In Shrewsbury you can, as the British say, start as you mean to go on: the Tourist Information Office itself is in a half-timbered Medieval building
Just how long I’ve been gone from the US hits me once in a while when I find myself forgetting which expressions are British and which are American. Suburbs in the USA have plenty of houses in a style I think of as Mock Tudor – but is that the American term? Or the British term?

Costa Coffee (a British chain competing with Starbucks) in Shrewsbury -- get your morning coffee in a centuries-old shop
Whatever Americans call them, you probably know what I mean: modern houses dressed up with trim in patterns of stripes, grids or herringbones that show up dark against the lighter plaster or stucco spread between them, in imitation of medieval timber-frame buildings. Here in the UK, the middle-of-the-road term is Mock Tudor; if you want to be more polite you call it Tudor Revival, and if you want to be less polite you call it Tudorbethan, a mish-mash of Tudor and Elizabethan meant to indicate the building didn’t come from any historical period, but is only a cheap fake.

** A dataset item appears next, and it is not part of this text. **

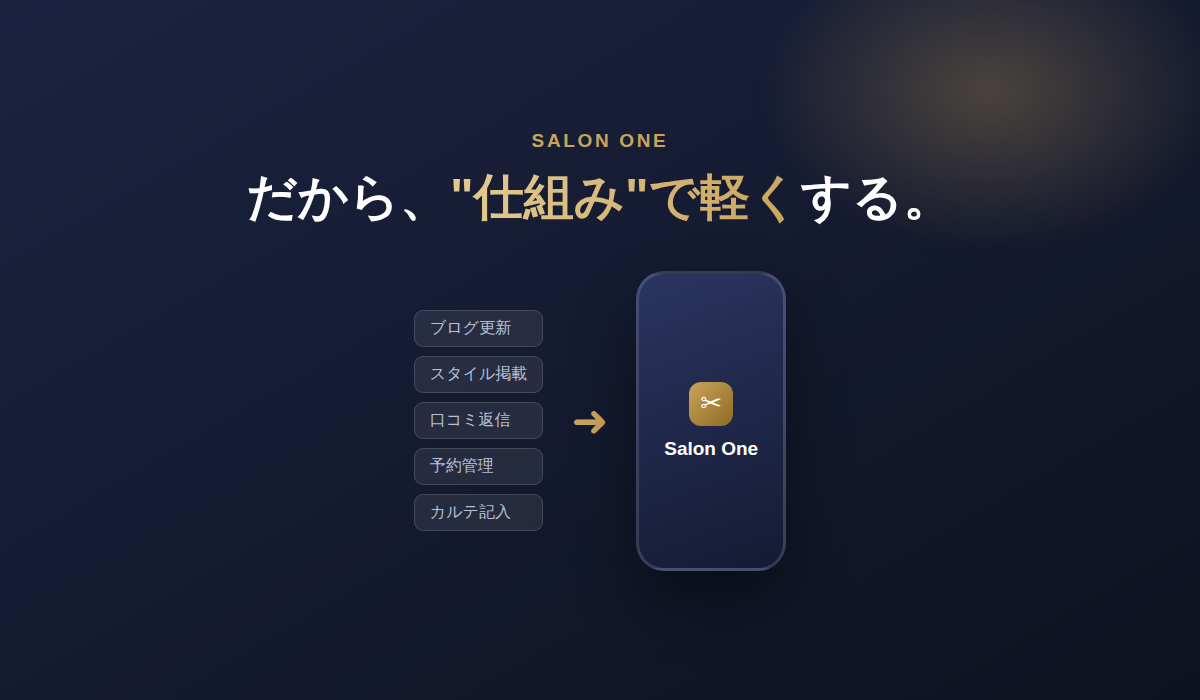 Salon Oneで仕事を仕組み化して軽くする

A view of an optometrists office, showing how upper stories jut out farther than lower stories; this wasnt just because of a need for more floorspace, but was dictated by the complexity of putting one set of framing, held together with mortise and tenon joints, on top of another
But here in England, we also have the real thing, hundreds of half-timbered buildings still in use even though they were built in the Middle Ages, the Renaissance, or the periods directly following because the technique was used here for hundreds of years. The Midlands—the common name for an imprecisely defined part of the country made of up the counties in the middle, those not classed as North or South of England, the West Country or East Anglia, if that makes things any more clear—is known for having lots of these, for half-timbering with more ornate patterns, and for using curved braces to make designs called stars.

On the other hand, sometimes space *is* at a premium; these peoples house is a bridge over the roadway
The technique is called half-timbering, because—depending upon which authority you trust—the timber framing was set on foundations or even a lower story of stone (or later, brick), as opposed to earlier buildings in which the supporting timbers were set in trenches, which made them more stabile than if they had no foundations at all, but also made them more inclined to rot away.

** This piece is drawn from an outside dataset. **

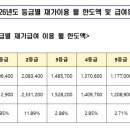 2026년도 장기요양보험료율 0.9448%:보건복지부 홈페이지 이미지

This one may be crooked, but its good for a few more centuries. (A friend found woodworm in the enormous oak beams of his medieval house. "Yeah", said the pest guy. "In about 500 years, you should start worrying.")
Wikipedia will tell you that the technique is called half-timbering because all the framing is constructed of tree-trunks or -limbs cut in half, but you don’t have to visit many medieval half-timbered buildings (or even look at the pictures in many books on traditional English architecture) to know that just isn’t the way these houses were built.
Now, the English are sometimes more direct in their use of language than Americans, despite their reputation for understatement. These are, after all, the people who refer to retirees as OAPS (old age pensioners) and where, until recently, charities set life-sized figures of children on crutches or in leg braces, with coin slots and signs saying “For the Spastics”, outside stores and pubs. (The Spastics Society changed its name to Scope in the early 90s; you can see a picture of one of the collection boxes here). So, in line with that kind of plain speaking, these wonderful historic places are often just called black-and-white buildings.
The Shropshire town of Shrewsbury is known for them, so much so that their tourist information board’s web site says “Shrewsbury’s not all black and white, you know!”—of course it isn’t only black and white; I told you only last week that the Abbey there is red—although other pages from the same site brag that the place is “awash with black and white timber-framed historic buildings”.

This placque appears on the building on the left in the previous photo, which now houses a branch of the chain Edinburgh Woollen Mill. It reads: "Erected by Richard Owen the Elder, Gentleman. AD 1569"
I hope you enjoyed this photographic tour of some of Shrewsbury’s black and white sites, in full colour.